(Extracted information begins)
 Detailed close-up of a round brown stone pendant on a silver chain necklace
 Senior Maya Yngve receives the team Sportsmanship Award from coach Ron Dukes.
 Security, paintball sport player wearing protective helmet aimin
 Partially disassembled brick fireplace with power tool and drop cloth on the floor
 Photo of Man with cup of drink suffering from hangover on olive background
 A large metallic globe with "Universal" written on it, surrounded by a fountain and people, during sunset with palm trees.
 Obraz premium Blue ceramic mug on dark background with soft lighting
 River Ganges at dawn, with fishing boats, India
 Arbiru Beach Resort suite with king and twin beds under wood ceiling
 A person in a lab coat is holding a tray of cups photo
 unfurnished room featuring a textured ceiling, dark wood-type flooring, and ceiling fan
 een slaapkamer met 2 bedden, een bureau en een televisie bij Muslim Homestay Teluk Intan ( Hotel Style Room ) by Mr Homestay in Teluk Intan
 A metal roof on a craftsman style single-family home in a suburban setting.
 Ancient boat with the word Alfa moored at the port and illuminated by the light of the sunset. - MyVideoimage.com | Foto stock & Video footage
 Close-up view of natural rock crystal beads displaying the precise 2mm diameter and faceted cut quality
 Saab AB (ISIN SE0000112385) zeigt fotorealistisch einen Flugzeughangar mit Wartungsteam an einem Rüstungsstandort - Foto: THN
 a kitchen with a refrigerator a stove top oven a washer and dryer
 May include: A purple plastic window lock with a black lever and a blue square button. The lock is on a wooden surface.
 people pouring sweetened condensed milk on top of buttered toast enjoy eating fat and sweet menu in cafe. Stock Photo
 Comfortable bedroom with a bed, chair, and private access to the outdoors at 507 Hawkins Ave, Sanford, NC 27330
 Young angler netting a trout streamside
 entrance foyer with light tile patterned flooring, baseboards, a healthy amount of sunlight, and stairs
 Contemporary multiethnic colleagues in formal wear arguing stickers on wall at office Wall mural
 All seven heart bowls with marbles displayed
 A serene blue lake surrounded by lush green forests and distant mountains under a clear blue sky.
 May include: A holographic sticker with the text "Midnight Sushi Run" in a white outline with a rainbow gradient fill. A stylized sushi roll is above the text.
(Extracted information ends)
**Brief:** All lines above from the one containing "een slaapkamer met" to the one containing "Ancient boat with" must be repeated exactly, both lines included, and no others.

**Task result:**
 een slaapkamer met 2 bedden, een bureau en een televisie bij Muslim Homestay Teluk Intan ( Hotel Style Room ) by Mr Homestay in Teluk Intan
 A metal roof on a craftsman style single-family home in a suburban setting.
 Ancient boat with the word Alfa moored at the port and illuminated by the light of the sunset. - MyVideoimage.com | Foto stock & Video footage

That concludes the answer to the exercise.